2 1/2 yrs ago I put all new GPs in and had to put new harnesses, VC gaskets and UVCH on the passenger side. Now I find that there are two pins burnt on the driver's side and on on the passenger side.
I just cleaned off the burnt plastic and put it back together. I want to get to the root of the problem and make a fix for it. THESE PARTS ARE TOO EXPENSIVE AND TOO MUCH WORK TO HAVE TO FIX THIS OFTEN!!!
Why do the pins get so hot that the melt the plastic connectors? I suspect that the glowplugs get an internal short that causes the pins to get hot with too much current.
So if the connections are good and the GP are good then the pins shouldn't get hot enough to melt the plastic?
Can you convert to the SD style harnesses etc?
1. Correct
2. No, SD uses a different connector, 1 per valve cover
Connections are usually the issue. But remember, there is approximately 32 amps of current draw per head, and that assuming each glow plug measures 1.5 ohms. How many times on here have you read "if the GP's measure 0.5 to 1.5 ohms they are OK"? At 1.5 ohms each glow plug would draw about 8 amps. At 0.5 ohms that glow plug would draw about 24 amps. You can see how easy it can get out of control.
Also, IMO bigger is not necessarily better, and I'm referring to the GPR. As far as I'm concerned the original OEM GPR, although spend-e, is superior to any aftermarket one, and it was designed to do the job. If I'm not mistaken RiffRaff has OEM GPR for a very reasonable price, about 2x cost of the after market ones.
As far as connections go they must fit very tight as 8 amps going through a connection is no big deal unless the connection is poor, that is what causes arching and heat.
Excess resistance in the circuit is what causes it to burn the harness. Wiring is to small to handle the heat when the plug doesn't use the amps up to heat the tip. Heres a simple explanation:
Ford/Nav VC gasket/harness was redesigned with better conductors several years ago. Here's a basic way to explain it without math at all:
If the glow plug (load) were to short, the burn or weld will happen at the point the short occurs. If you use a welder it welds at the electrode (load). It won't burn up your weld cables.
So why does the harness connector melt? Excessive Resistance causes heat. A GP has little resistance or ohms. It's nearly full power that warms the tip using up power to make heat. What little power isn't used returns thru ground to battery completing the circuit. Excess resistance or poor conduction from green stuff or corrosion prevents full power from flowing to the load (glow plug). The wiring gets hot and melts because you still have a complete circuit back to battery ground, but no load to use the power up and keep the wiring cool as power flows thru it.

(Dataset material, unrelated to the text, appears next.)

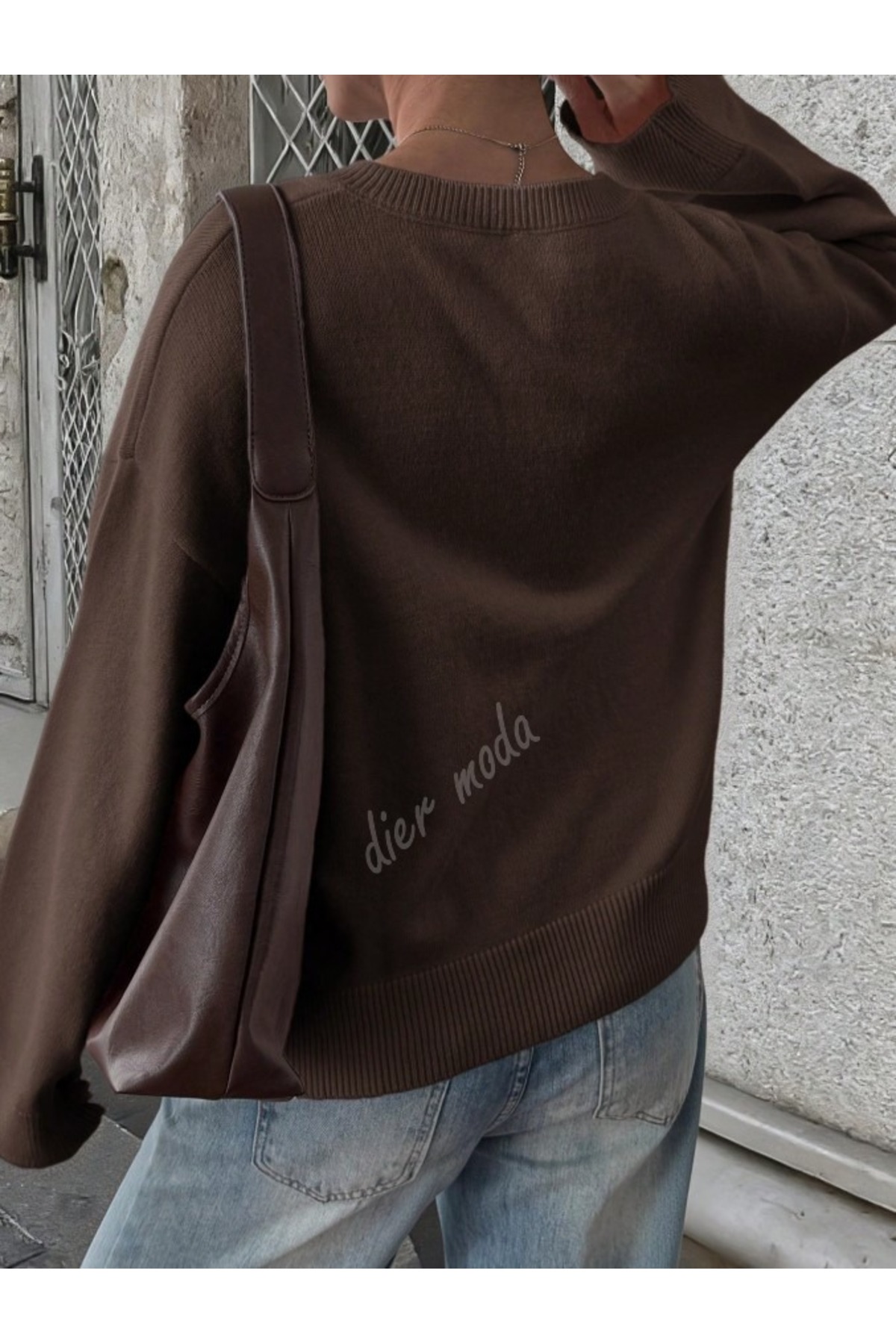 Dier Moda  Kadın Kahverengi V Yaka Oversize Triko Kazak, Triko Kazak Fmoda1970 - Görsel 3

Now think of the welder again. What happens if you forget to put a ground clamp on the metal to be welded and touch the electrode (load) to the metal? Nothing. The circuit is not complete, so no power flows at all. No weld or short.
Best way to prevent the burned wiring is a good conductor to your GP's. I pack Di grease in all underhood connectors. The best way to keep the connection moisture free and clean is silicone dielectric.
If your harness burn't from the GP connector back, then you may have a shorted plug. Ohm it, compared to the others. If it ohms out higher than the rest it's also BAD. The extra resistance is inside the plug, not allowing full power to the tip.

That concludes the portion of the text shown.